The pictures must be left out, while the rest of the data is copied exactly.

*** Given information ***

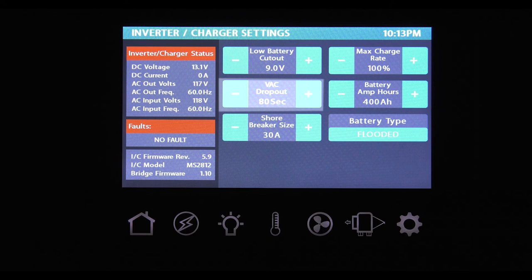VAC dropout allows you to adjust the AC voltage point at which the inverter kicks off and your coach switches back to AC power. Shore breaker size allows you to match the size of the breaker wherever you are plugging into shore power. The max charge rate allows you to fine tune the percentage of maximum charge. Battery amp hours is how you adjust the amp hours for your battery bank — an amp hour is 1 amp for 1 hour, or 10 amps for one tenth of an hour. For specific questions, get a hold of Thor Motor Coach service. Battery type allows you to switch between gel, flooded, AGM, or AGM2 batteries.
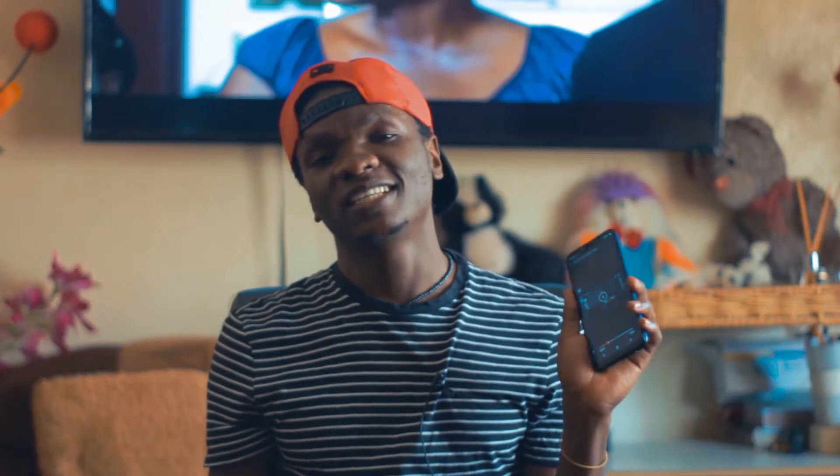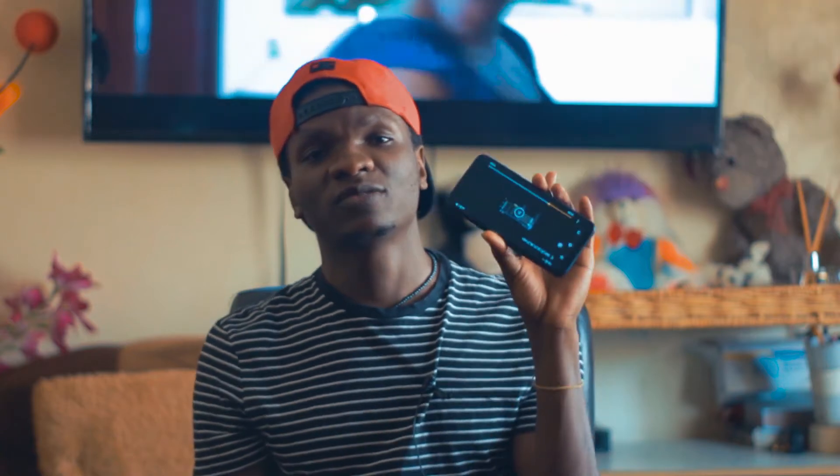Wagwan, my name is Roxel. Good to see you, thank you very much for being here. I'm not gonna waste your time — let's see how you can shoot this kind of video on this phone.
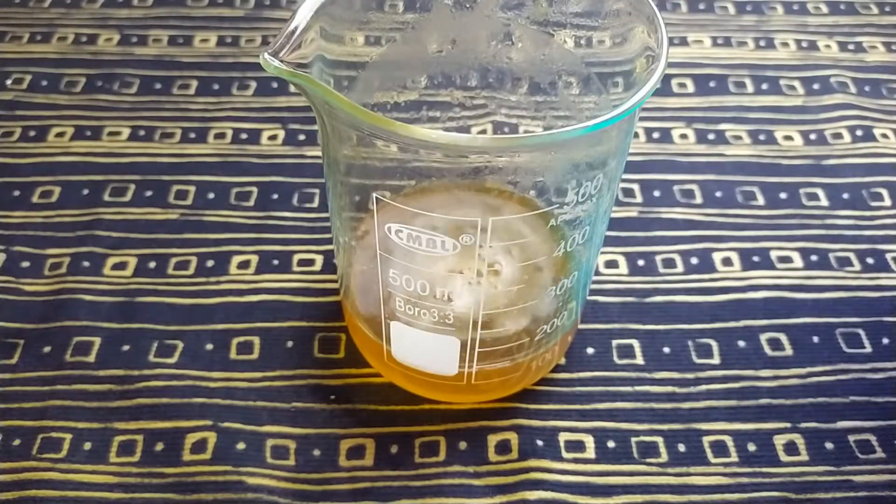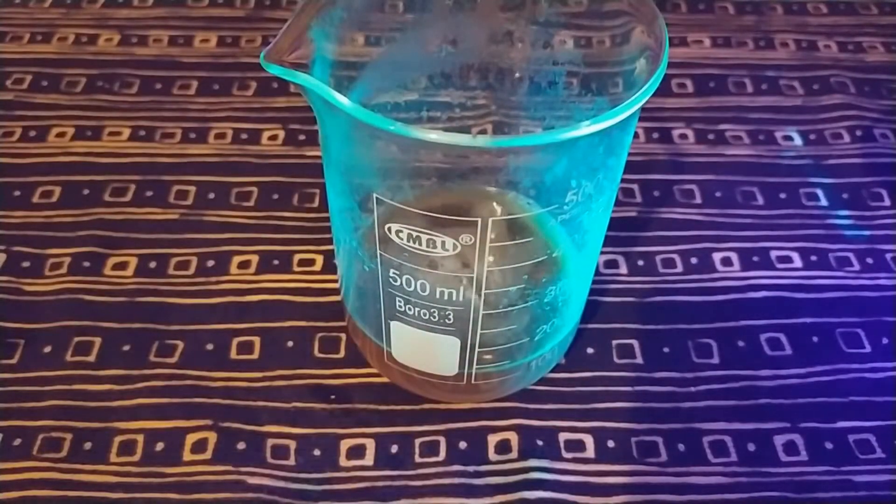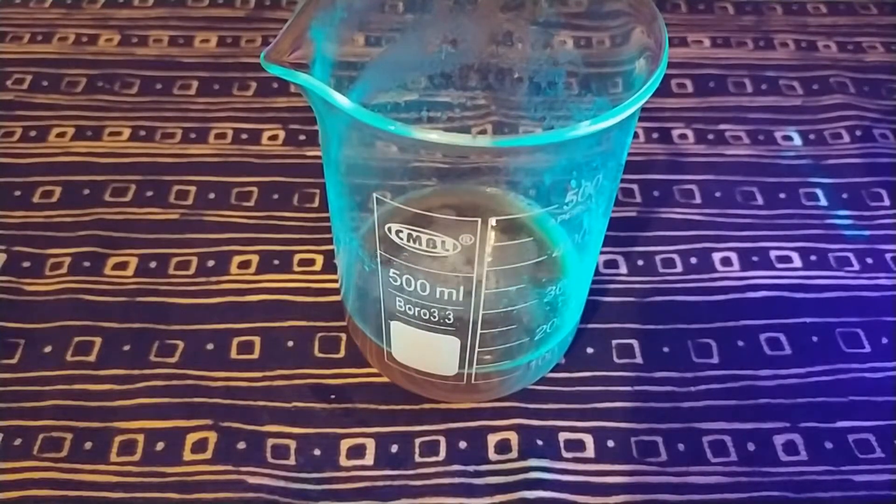Harmaline free base is almost insoluble in water. Upon addition of acid it turns to the corresponding salt — in our case acetic acid was added, so in solution we can see harmaline acetates, which strongly glow under black light.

*** End of Given information ***

» Solution to this task
VAC dropout allows you to adjust the AC voltage point at which the inverter kicks off and your coach switches back to AC power. Shore breaker size allows you to match the size of the breaker wherever you are plugging into shore power. The max charge rate allows you to fine tune the percentage of maximum charge. Battery amp hours is how you adjust the amp hours for your battery bank — an amp hour is 1 amp for 1 hour, or 10 amps for one tenth of an hour. For specific questions, get a hold of Thor Motor Coach service. Battery type allows you to switch between gel, flooded, AGM, or AGM2 batteries.
Wagwan, my name is Roxel. Good to see you, thank you very much for being here. I'm not gonna waste your time — let's see how you can shoot this kind of video on this phone.
Harmaline free base is almost insoluble in water. Upon addition of acid it turns to the corresponding salt — in our case acetic acid was added, so in solution we can see harmaline acetates, which strongly glow under black light.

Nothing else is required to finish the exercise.